Context and source
This mission report, “Report of the HOUS mission to Vienna, Austria”, is published by the European Parliament’s Special Committee on the Housing Crisis in the European Union (HOUS) and authored by Members of the European Parliament Irene Tinagli, Borja Giménez Larraz, Isabelle Le Callennec, Gordan Bosanac, with Andreas Schieder as ex officio member. It documents a delegation visit to Vienna to examine affordable and sustainable housing approaches, including meetings with public authorities, financial institutions, social providers, and economic stakeholders.
Vienna housing model: scale and principles
The report highlights Vienna’s long-standing approach that frames housing as a human right, prioritising strong public control, mixed-income neighbourhoods, and the absence of municipal housing stock sales. A central feature is the breadth of access: more than 75% of households are eligible for subsidised housing, enabled by relatively high income thresholds and a strong land policy. The public sector owns more than one fourth of the city’s roughly 800,000 rental apartments, while another fourth is held by non-profit developers as subsidised housing.
Finance and affordability: European Investment Bank perspective
At the mission’s kick-off, the European Investment Bank (EIB) described affordable housing as below-market, quality accommodation aimed at residents who cannot secure housing under market conditions due to income or social constraints. Over the past 25 years, the EIB provided €2.8 billion of long-term financing to affordable housing through 45 projects in Austria. In 2020–2024, 8.1% of EIB affordable housing investment in the EU went to Austria. Cooperation with Erste Bank since 2013 supported more than 7,700 housing units, benefiting around 16,000 people, and the EIB associated Vienna’s large public/subsidised stock with rents that are about 25% lower.
Urban development examples: Nordbahn and Seestadt Aspern
Nordbahn district, a centrally located redevelopment area of 85 hectares planned for up to 40,000 inhabitants, is expected to deliver around 5,000 apartments by 2026 through phased construction. The planned tenure mix includes around 24% subsidised apartments, 42% low-cost rental apartments, and 33% privately financed rental and/or owner-occupied housing, alongside 10% office and commercial space to support short distances for daily needs. The delegation also visited Seestadt Aspern, one of Europe’s largest urban development projects, where around 12,000 people live today and 25,000 inhabitants are planned by 2032, alongside up to 20,000 workplaces (about 5,000 at the time of the visit). The project emphasises resource efficiency, including processing roughly 600,000 tonnes of material from lake excavation for reuse on site and recycling concrete from former airfield runways.

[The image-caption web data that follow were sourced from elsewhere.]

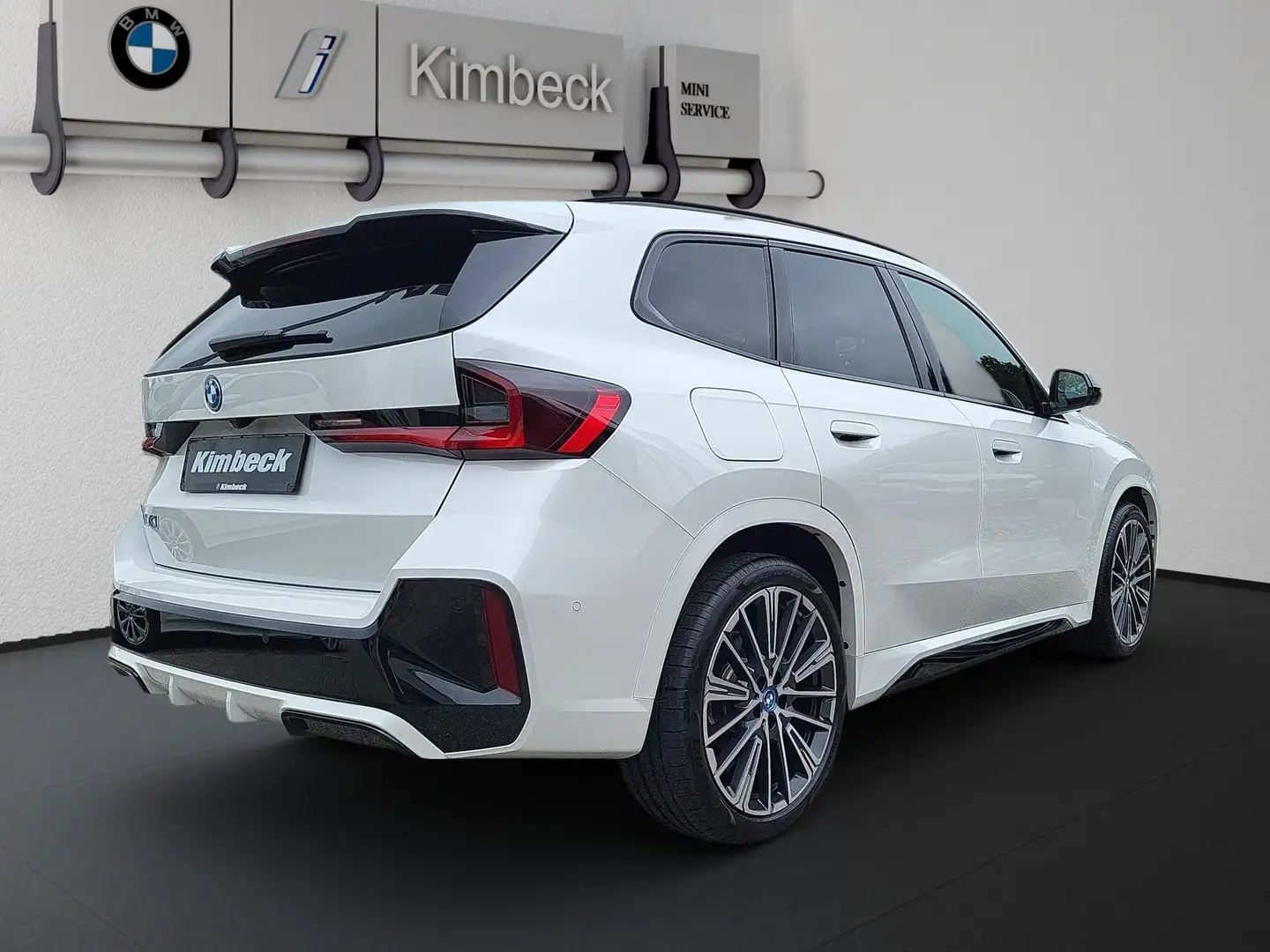BMW iX1 xDrive30 M SPORT ACC 360° AHK Pano HeadU HiFi Weiß - 2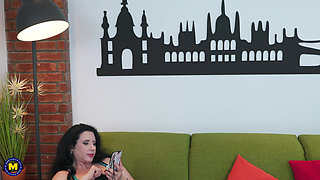 Busty Italian MILF Sofia Siena Loves to Show You Her Hairy Pussy and More!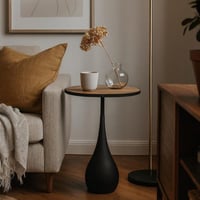 طاولة جانبية دائرية أنيقة بسطح خشبي وقاعدة سوداء.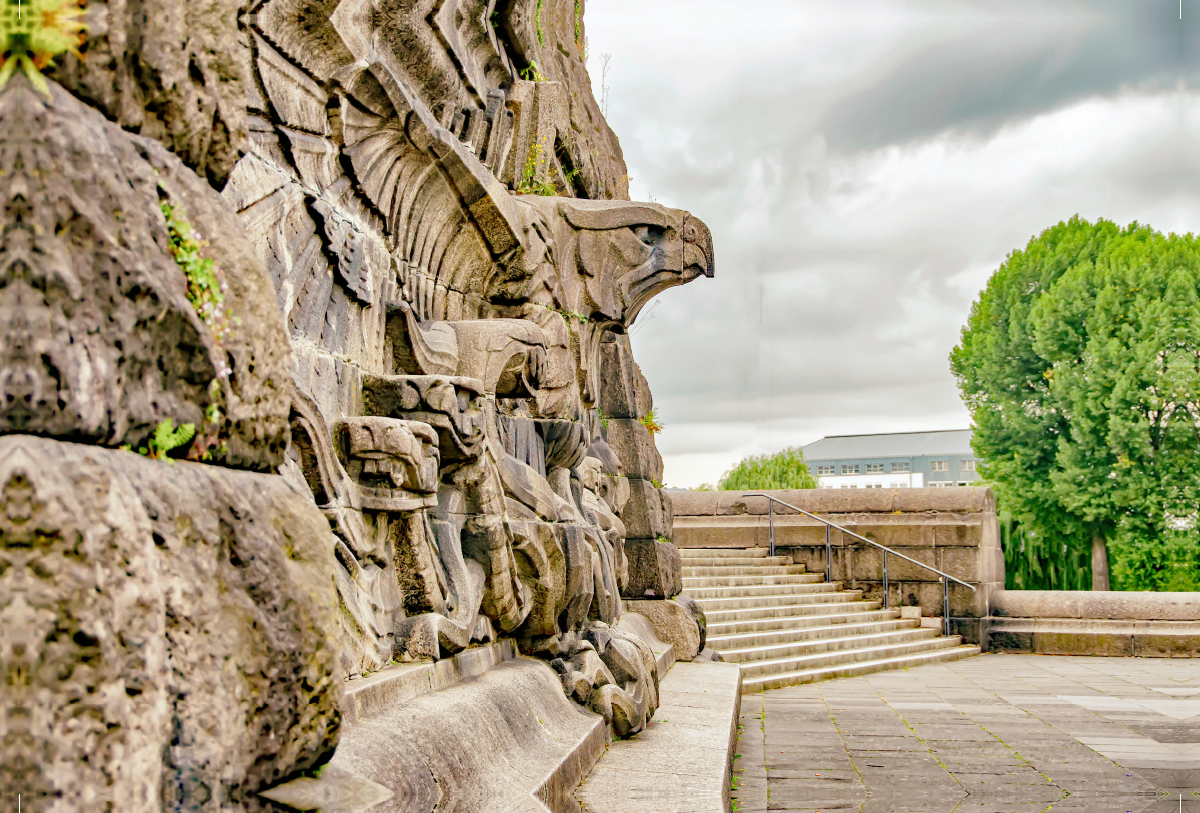 Reichsadlerrelief am Deutschen Eck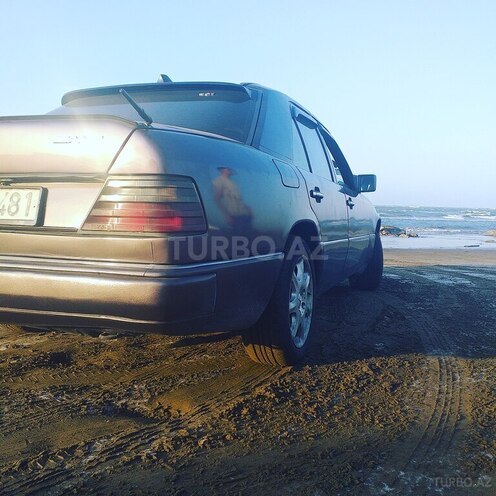 Mercedes E 250 1991, 1,000,000 km - 0.3 л - Bakı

Social infrastructure and long-term stewardship
The report uses Karl-Marx-Hof (built in the 1920s) to illustrate integrated social infrastructure alongside affordable housing, including communal facilities and services. It also describes Wiener Wohnen, which manages around 220,000 municipal apartments and over 47,000 garage and parking spaces, combining property management with renovation, energy-efficiency upgrades, tenant support, and community initiatives.

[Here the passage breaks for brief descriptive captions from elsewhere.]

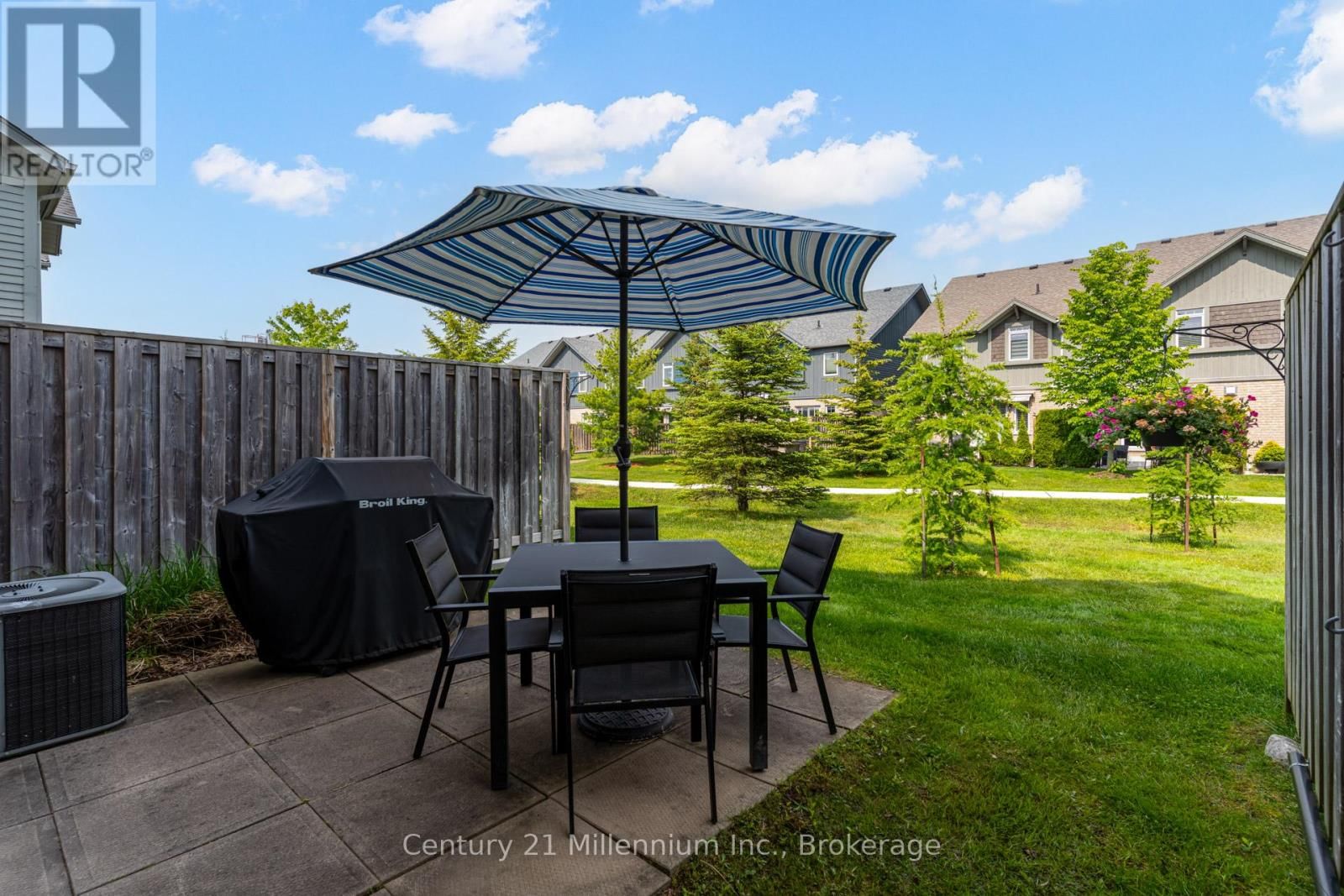 37 - 37-37 SILVER GLEN BOULEVARD Image 35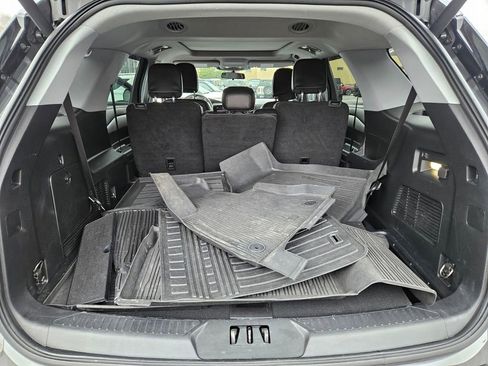 Used 2022 Ford Explorer XLT w/ Equipment Group 202A AWD/4WD image 29
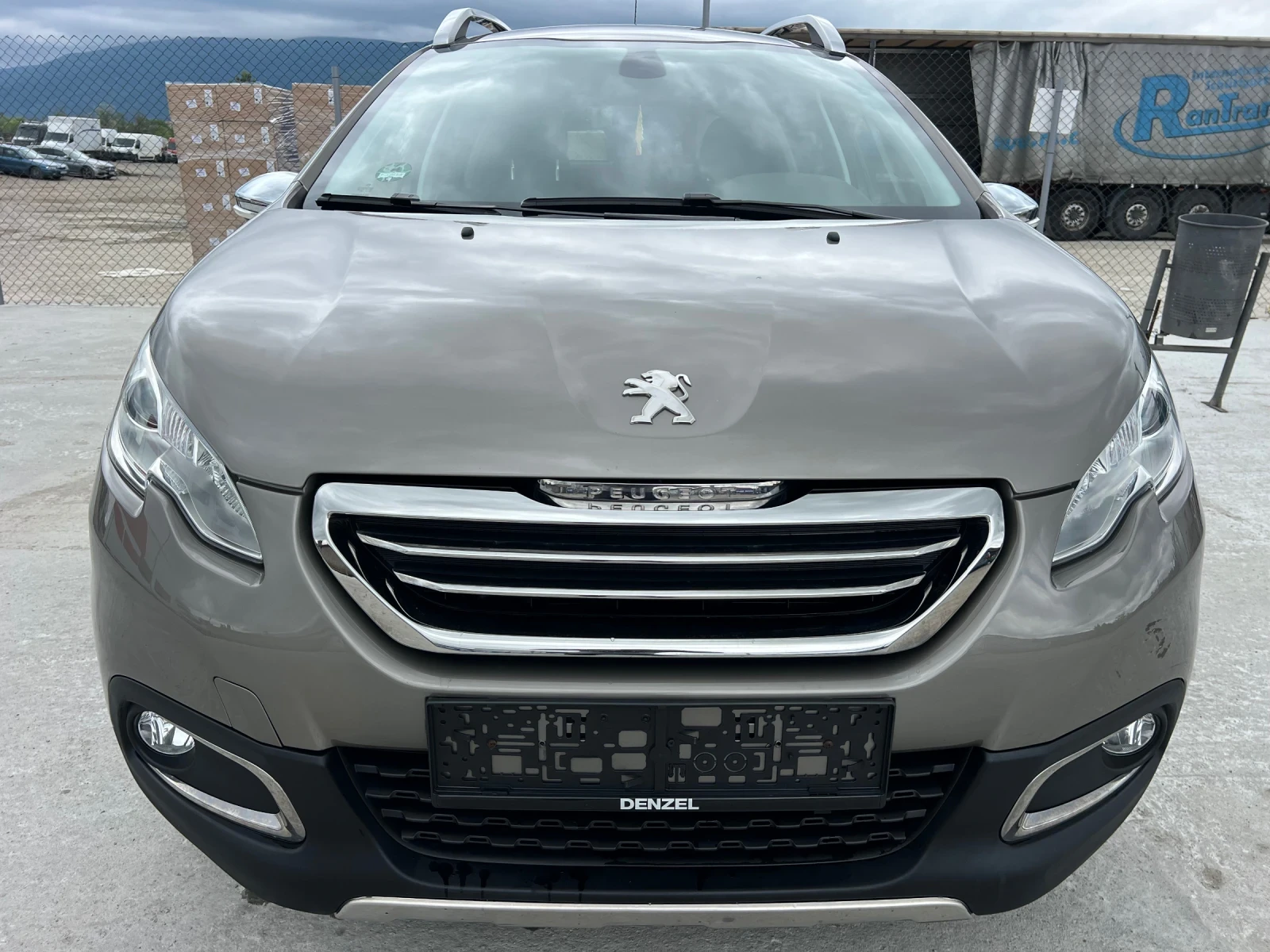 Peugeot 2008 1.6EHDI Автоматик//Нави  - изображение 7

Social inclusion initiatives and housing security
A site visit to Volkshilfe Wien hafen* presented cross-generational, affordable housing for women (with and without children), students, and senior citizens, with apartments ranging from 30 m² to 85 m² and daily social-work support focused on safety and labour-market integration. The report cites a study (Business University Vienna) indicating that each euro invested in housing security yields monetised effects equivalent to 94 euros, underscoring prevention as a cost-effective alternative to rehousing after homelessness.

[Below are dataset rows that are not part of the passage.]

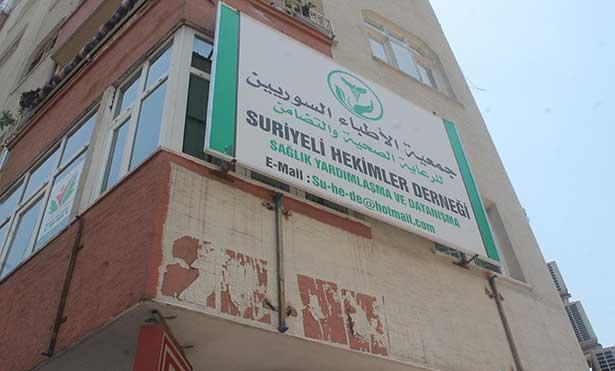 Suriyeli 10  doktor Suriyeli hastalar için poliklinik açtı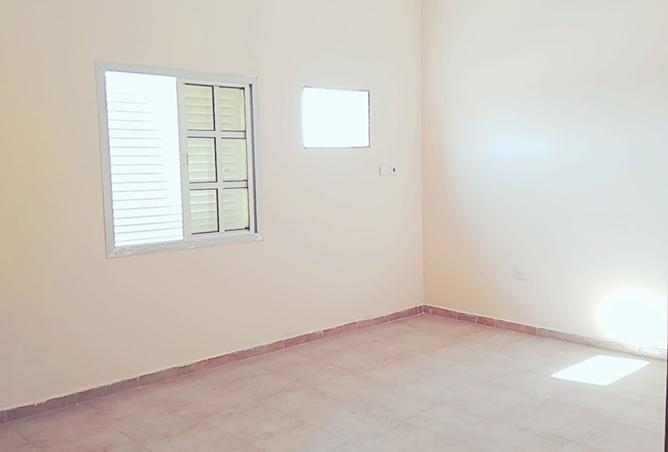 980194 - Property Image 2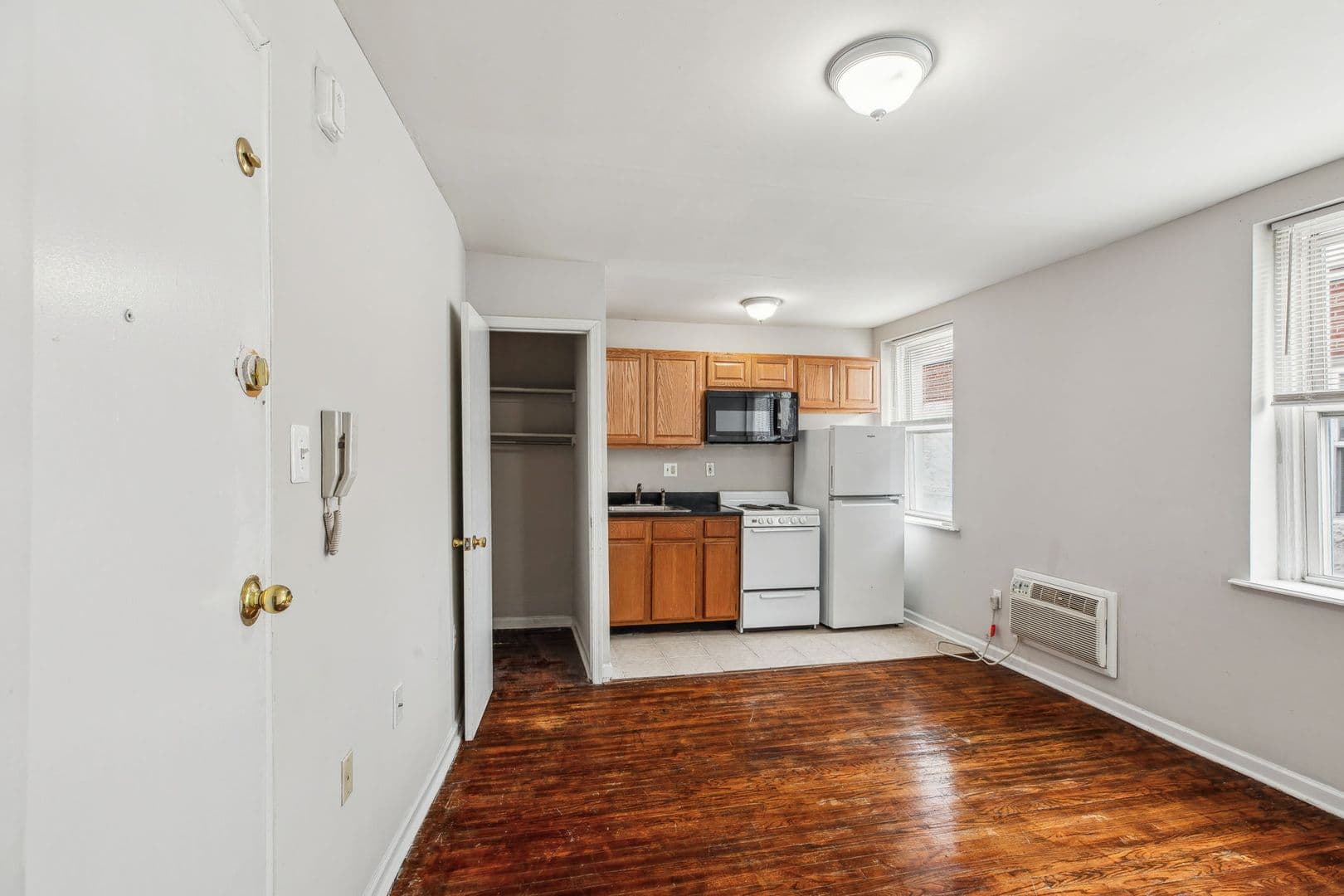 Philadelphia Apartment: 3412-14 Spring Garden Street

Policy challenges and measures with EU relevance
The report notes rising housing costs, construction cost pressures, land availability constraints, and decarbonisation investment needs. Austria’s government programme includes 55 housing-related measures, including a rent brake affecting 2.4 million tenants, with rent increases capped at 1–2% for 2026–2027; from 2028, if inflation exceeds 3.0%, only half of the excess may be passed through to rents. Short-term rentals are presented as a continuing challenge: Vienna prohibits short-term rental of municipal apartments and reported enforcement actions. Stakeholders called for EU funding support rather than additional rules, while also emphasising the importance of EU-level work on short-term rental regulation and clearer parameters for state-aid rules in affordable housing.